The final piece of the puzzle is how to provide global security. Traditional military security is ultimately focused on winning. But many global threats primarily call for greater resilience – that is, less winning than withstanding. As Sharon Burke of New America has argued, the goal is more to build security at home than to destroy enemies abroad.

We certainly still want to “win,” if winning means prevailing over a virus, or eradicating a terrorist cell or disinformation network. But the deep nature of global threats means they can be reduced, but almost never eliminated. Arming people with the means to recognize and avoid danger, survive trauma, and adapt to new circumstances is a better long-term strategy.

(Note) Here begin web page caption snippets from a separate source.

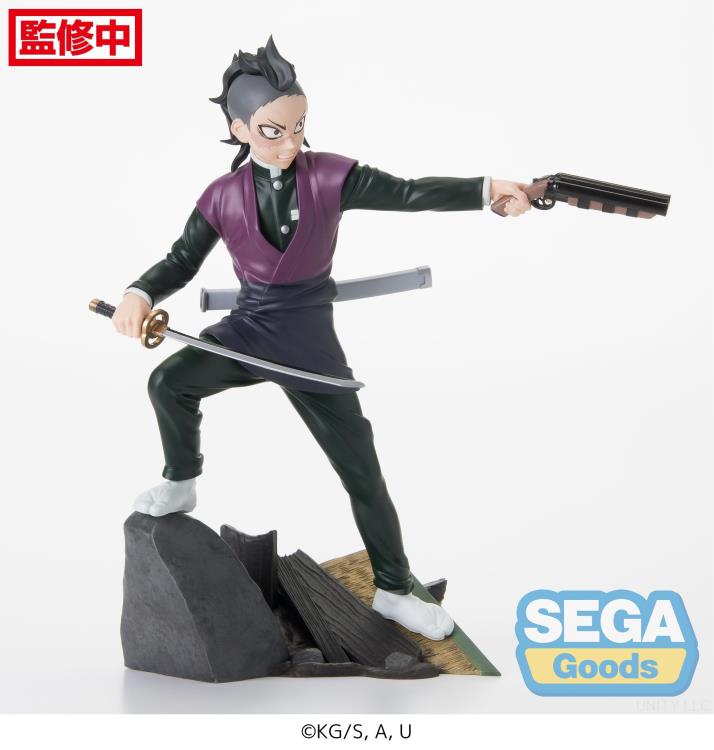 Sega Demon Slayer: Kimetsu no Yaiba Xross Link Genya Shinazugawa (Swordsmith Village Arc)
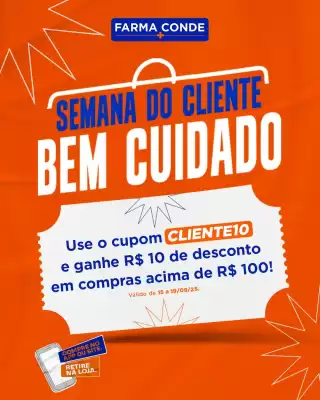 Catálogo Farma Conde (válido até 19-09)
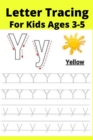 Image for Letter Tracing Book For Kids Ages 3-5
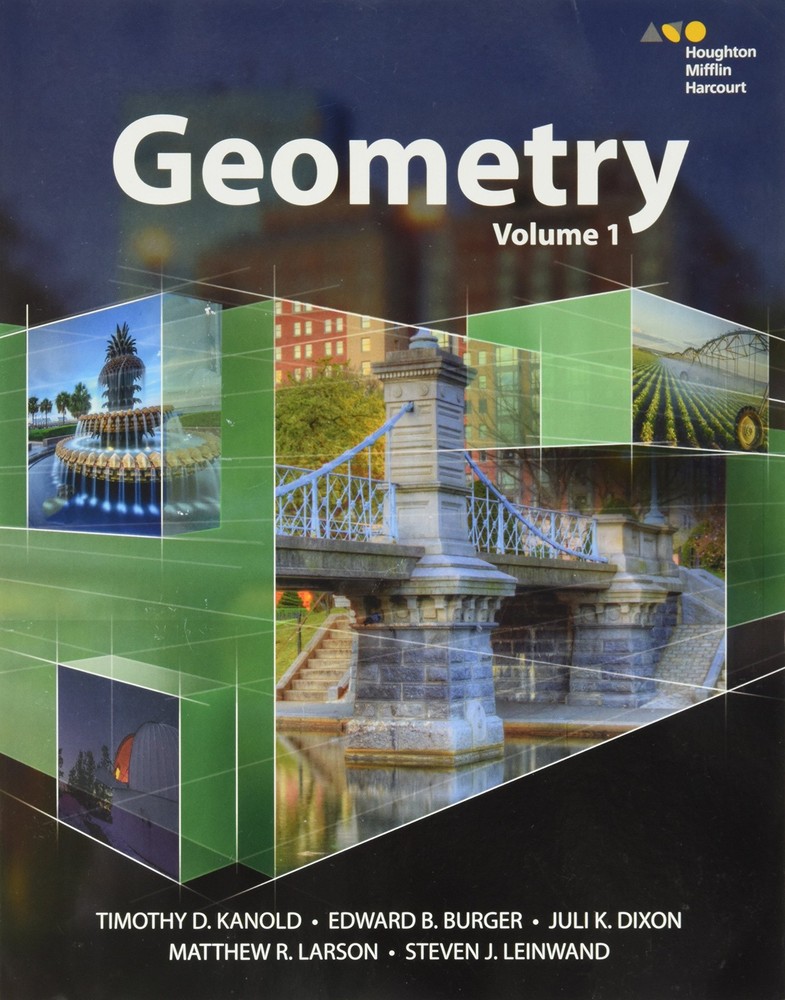Interactive Student Edition Volume 1 2015 (HMH Geometry) [Paperback] Houghton...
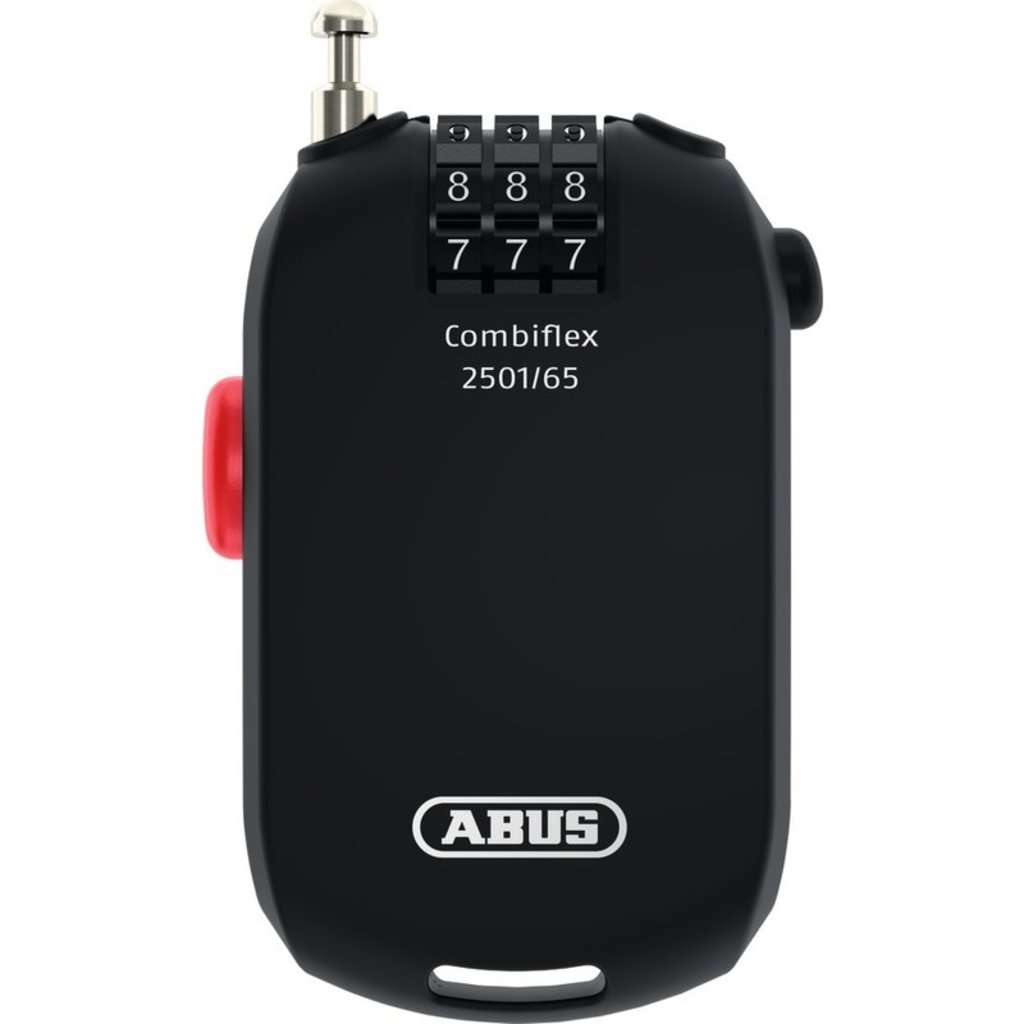 ABUS Abus Combiflex 2501 - 65Cm Black 3 Digit Code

Nearly twice as many Americans have now died of COVID-19 than died in the Vietnam War. But many national leaders in the US and elsewhere remain focused on great-power competition, and appear less concerned with the pandemic’s mounting death toll than with distracting domestic publics by pointing fingers at other countries. And yet the lessons of this crisis will loom large in how we think about and provide for our security in the future.

That will be particularly true for younger generations. New America’s Alexandra Stark, for example, argues that COVID-19 is her generation’s 9/11. Instead of the highly militarized anti-terrorism response that the US adopted in the wake of those attacks, she calls for a new grand strategy “fundamentally oriented around human wellbeing,” refocusing on human health, prosperity, and opportunity. That sounds like security to me.